The use of security elements is well established in the field of security documents. One such type of security element is an optically variable device (OVD) which is a security feature or device that changes in appearance. OVDs provide an optically variable effect when the banknote is tilted and/or when the viewing angle of the observer relative to the OVD changes. The image of an OVD may also be changed by aligning a verification device over the security feature or device. An OVD may be provided by a printed area, e.g. an area printed with metallic inks or iridescent inks, by an embossed area, and by a combination of a printed and embossed feature. An OVD may also be provided by a diffractive device, such as a diffraction grating or a volume hologram and may include arrays of microlenses and lenticular lenses.
Lens-based security devices are a type of optically variable device (OVD). A description of cylindrical microlenses arranged in a lenticular array to make an OVD is provided in ‘Optical Document Security’, 3rd Edition by Rudolf L. Van Renesse ISBN 1-58053-258-6, pages 162 and 163, published 2005. The lenticular array is a series of cylindrical microlenses moulded in a polymer substrate. The microlens array can be placed on printed images and indicia such that when viewed from different angles, different images of the underlying indicia are seen. This technology can also be used with spherical or part-spherical microlenses and micro-images to produce magnified images by moire magnification, and to give an illusion of depth or movement as the underlying image is viewed from various angles.

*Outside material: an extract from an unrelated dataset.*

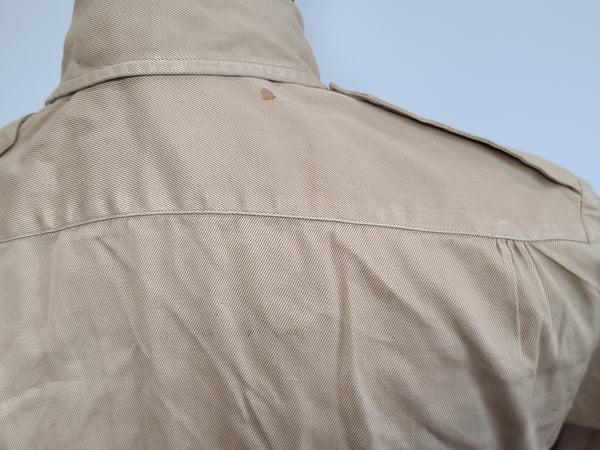 Khaki Women's WAC Undershirt 10R <br> (B-38" W-32")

Security elements, such as microlens arrays and other types of OVDs, such as diffraction gratings and volume holograms, are usually made separately from the remainder of the security document and subsequently applied to the document substrate to complete the security document. For example the OVDs are formed as a repeating pattern in a polymer substrate and wound into a roll. Then, in a completely separate process, the OVDs are applied to a designated area on the remainder of the security document.

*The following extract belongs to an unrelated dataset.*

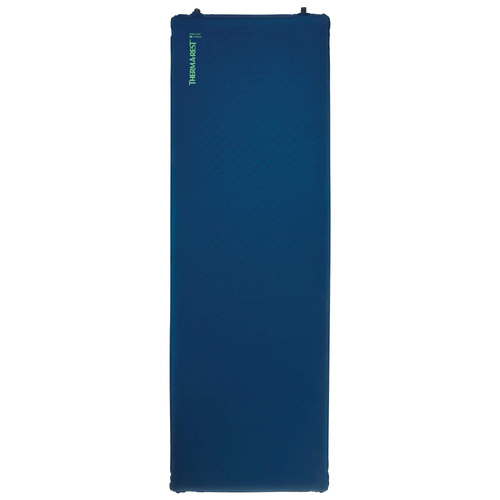 Materac samopompujący THERMAREST LUXURY MAP TWINLOCK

Unfortunately, microlens structures and other types of security elements which have a structured surface, such as volume holograms, necessarily have a height or profile that gives the security document a significant localised increase in thickness. Typically the thickness can increase by about 30% or more in the area occupied by the security device. This localised thickness increase compounds when the security documents are stacked on top of each other. Similarly, if the security element is applied to a continuous web of the security documents and subsequently wound into a roll, the roll quickly develops a large eccentricity which generates downstream problems in the production process. The distortion in the roll causes some slack areas in the web and areas of excessive tension in the web where the web may burst or shows signs of “pressure blocking”. Pressure blocking occurs where two surfaces are brought into close contact with each other under pressure and, as a result of pressure surface entanglement or Van der Waal forces, the level of adhesion between the surfaces increases to such an extent that a significant force is required to part them. On occasion the force can exceed the cohesive strength of the two surfaces resulting in rupturing one or more of the surfaces.
If the security documents are a stack of separate sheets, the thickness variation in the stack creates complications when the sheets are fed or delivered through a sheet transport system. If the security document is a bank note, then a stack of the notes in a cash issuing and processing machine will form a wedge shape which limits the number of notes that can be processed at any one time. Portions of the stack can be regularly rotated 180° in order to produce a stack that is flatter. However, if the OVD is around the middle of the note, turning sections of the stack tends to be less effective at flattening the stack.
Wedge-shaped stacks limit the number of notes that can be processed at one time and increase processing costs. Rotating the notes within a stack introduces complexity and complications with note authentication. Furthermore, the production of the OVDs separately from the remainder of the document substantially increases the production costs relative to a security document compared with a type of security device that can be formed in a single ‘in line’ manufacturing process.